Vintage Rolex Submariner
A vintage Rolex Submariner

When Rolex released the Submariner in the 1950s, the bezel moved in both directions. Although the rotating bezel was revolutionary both because it rotated and because of the serrated edges making it easy to grip while underwater, the bezel in first generation was very inferior to its modern counterpart. The bezel has sixty minute graduations and with an arrow marker at the 12 position, the rotation could tell a diver when an hour passed or, for that matter, when any amount of time passed based on how it was set.


However, because it was bi-directional, the bezel could be bumped in either direction during a dive. If it was bumped the wrong direction, it would make it seem to a diver they were underwater for less time than they were.

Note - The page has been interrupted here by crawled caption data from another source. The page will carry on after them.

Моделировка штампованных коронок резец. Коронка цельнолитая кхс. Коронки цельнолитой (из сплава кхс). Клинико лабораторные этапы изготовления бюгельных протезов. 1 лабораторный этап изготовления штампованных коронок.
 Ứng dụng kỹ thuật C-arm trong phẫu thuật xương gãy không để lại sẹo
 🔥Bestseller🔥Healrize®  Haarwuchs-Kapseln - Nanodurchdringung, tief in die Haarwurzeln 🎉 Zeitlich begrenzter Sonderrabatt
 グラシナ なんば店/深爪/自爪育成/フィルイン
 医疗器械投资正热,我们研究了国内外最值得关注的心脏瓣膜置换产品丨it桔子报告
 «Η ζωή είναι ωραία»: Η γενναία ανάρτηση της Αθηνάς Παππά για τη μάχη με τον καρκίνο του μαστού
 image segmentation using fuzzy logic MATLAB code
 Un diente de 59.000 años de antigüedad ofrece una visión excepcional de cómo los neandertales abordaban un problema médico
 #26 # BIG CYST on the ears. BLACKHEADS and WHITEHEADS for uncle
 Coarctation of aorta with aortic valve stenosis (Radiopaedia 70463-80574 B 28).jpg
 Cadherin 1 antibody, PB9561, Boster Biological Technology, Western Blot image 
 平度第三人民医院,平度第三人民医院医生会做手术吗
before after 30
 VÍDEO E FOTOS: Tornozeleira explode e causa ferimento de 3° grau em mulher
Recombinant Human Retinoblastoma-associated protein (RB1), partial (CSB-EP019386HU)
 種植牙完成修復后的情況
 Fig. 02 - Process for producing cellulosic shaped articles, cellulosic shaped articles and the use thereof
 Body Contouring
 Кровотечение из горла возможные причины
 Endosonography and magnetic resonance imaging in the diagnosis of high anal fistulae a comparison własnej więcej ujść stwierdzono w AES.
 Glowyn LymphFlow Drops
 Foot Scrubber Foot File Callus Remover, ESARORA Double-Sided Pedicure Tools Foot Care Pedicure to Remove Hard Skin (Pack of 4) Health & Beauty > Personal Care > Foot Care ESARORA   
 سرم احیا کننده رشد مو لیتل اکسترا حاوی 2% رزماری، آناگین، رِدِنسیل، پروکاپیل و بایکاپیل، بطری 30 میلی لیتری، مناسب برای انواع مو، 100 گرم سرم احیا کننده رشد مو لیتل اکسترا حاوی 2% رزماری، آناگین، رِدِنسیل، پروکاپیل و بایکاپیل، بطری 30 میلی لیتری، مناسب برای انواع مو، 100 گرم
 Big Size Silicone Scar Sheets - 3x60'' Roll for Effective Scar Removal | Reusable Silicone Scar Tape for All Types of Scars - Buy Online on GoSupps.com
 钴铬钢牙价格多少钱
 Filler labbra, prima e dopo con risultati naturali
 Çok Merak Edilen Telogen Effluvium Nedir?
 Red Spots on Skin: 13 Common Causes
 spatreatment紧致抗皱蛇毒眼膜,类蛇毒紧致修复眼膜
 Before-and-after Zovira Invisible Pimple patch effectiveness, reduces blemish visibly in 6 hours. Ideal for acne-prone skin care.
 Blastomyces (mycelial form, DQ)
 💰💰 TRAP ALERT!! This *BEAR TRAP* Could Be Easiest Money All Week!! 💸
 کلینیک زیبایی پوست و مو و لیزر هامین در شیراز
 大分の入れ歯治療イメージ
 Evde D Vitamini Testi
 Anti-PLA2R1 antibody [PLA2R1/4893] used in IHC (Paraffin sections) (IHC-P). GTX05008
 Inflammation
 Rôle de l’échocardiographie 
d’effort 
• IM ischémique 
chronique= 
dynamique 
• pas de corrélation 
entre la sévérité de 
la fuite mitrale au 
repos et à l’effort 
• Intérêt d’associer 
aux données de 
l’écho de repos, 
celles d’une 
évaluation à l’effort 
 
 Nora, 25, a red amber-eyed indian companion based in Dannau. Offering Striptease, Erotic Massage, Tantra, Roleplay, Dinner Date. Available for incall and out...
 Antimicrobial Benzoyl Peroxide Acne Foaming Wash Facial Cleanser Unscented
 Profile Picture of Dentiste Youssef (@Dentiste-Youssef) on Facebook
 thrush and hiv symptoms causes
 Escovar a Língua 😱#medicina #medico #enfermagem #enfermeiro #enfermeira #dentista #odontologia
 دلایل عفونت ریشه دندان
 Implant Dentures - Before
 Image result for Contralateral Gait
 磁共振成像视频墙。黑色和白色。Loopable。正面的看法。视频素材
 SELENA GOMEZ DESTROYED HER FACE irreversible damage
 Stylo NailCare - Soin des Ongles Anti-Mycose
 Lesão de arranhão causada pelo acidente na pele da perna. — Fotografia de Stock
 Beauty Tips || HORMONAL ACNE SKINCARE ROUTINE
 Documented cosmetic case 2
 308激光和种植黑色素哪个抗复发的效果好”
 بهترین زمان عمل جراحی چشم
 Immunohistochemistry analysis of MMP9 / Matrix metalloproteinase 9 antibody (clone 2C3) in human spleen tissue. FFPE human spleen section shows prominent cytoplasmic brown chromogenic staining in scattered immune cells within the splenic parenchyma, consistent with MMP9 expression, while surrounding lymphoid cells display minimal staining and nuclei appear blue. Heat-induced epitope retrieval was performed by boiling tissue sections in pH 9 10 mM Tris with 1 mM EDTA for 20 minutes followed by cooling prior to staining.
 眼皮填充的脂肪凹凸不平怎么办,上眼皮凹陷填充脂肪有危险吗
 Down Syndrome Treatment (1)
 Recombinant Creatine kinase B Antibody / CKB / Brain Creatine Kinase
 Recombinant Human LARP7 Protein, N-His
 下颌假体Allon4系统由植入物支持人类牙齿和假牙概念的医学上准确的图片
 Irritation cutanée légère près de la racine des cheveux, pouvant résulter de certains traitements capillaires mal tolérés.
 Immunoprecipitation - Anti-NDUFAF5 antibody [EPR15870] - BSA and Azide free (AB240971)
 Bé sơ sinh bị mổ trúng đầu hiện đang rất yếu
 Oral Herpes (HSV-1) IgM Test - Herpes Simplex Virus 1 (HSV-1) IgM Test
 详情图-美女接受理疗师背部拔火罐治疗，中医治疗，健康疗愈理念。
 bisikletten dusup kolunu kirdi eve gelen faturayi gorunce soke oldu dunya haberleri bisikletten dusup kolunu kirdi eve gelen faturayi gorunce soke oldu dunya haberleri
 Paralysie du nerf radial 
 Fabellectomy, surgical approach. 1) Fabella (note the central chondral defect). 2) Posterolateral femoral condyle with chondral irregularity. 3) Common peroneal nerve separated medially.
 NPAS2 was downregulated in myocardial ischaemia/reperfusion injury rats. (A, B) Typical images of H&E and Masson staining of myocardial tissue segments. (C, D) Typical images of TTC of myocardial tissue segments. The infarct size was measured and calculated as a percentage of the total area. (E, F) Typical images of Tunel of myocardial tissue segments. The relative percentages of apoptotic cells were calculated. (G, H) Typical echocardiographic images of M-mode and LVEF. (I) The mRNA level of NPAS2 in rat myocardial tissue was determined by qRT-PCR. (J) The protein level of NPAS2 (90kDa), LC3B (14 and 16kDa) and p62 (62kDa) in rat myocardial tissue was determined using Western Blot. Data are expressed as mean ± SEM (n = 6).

A number of upgrades have occurred to the Submariner over the years and maybe none is more important than the changes on the bezel. Today, a Submariner bezel can move only forward. This is important in deep dives. If the bezel is bumped, it simply means the diver will see less time to remain on the dive, far less dangerous than staying under longer than the diver should.

Sometimes it’s easy to forget Rolex watches have a purpose. Today, computers and electronic equipment provide all the functionality of a dive watch but many divers use the Submariner as backup in case of equipment failure.


So what do you think of this model and it’s bezel?


**TIP** To use the Submariner’s bezel, rotate the zero-marker to the left, stopping at the minute hand on the dial. As the minute hand moves, it will tell the elapsed time by pointing to the minute on the bezel. This should be done before entering the water.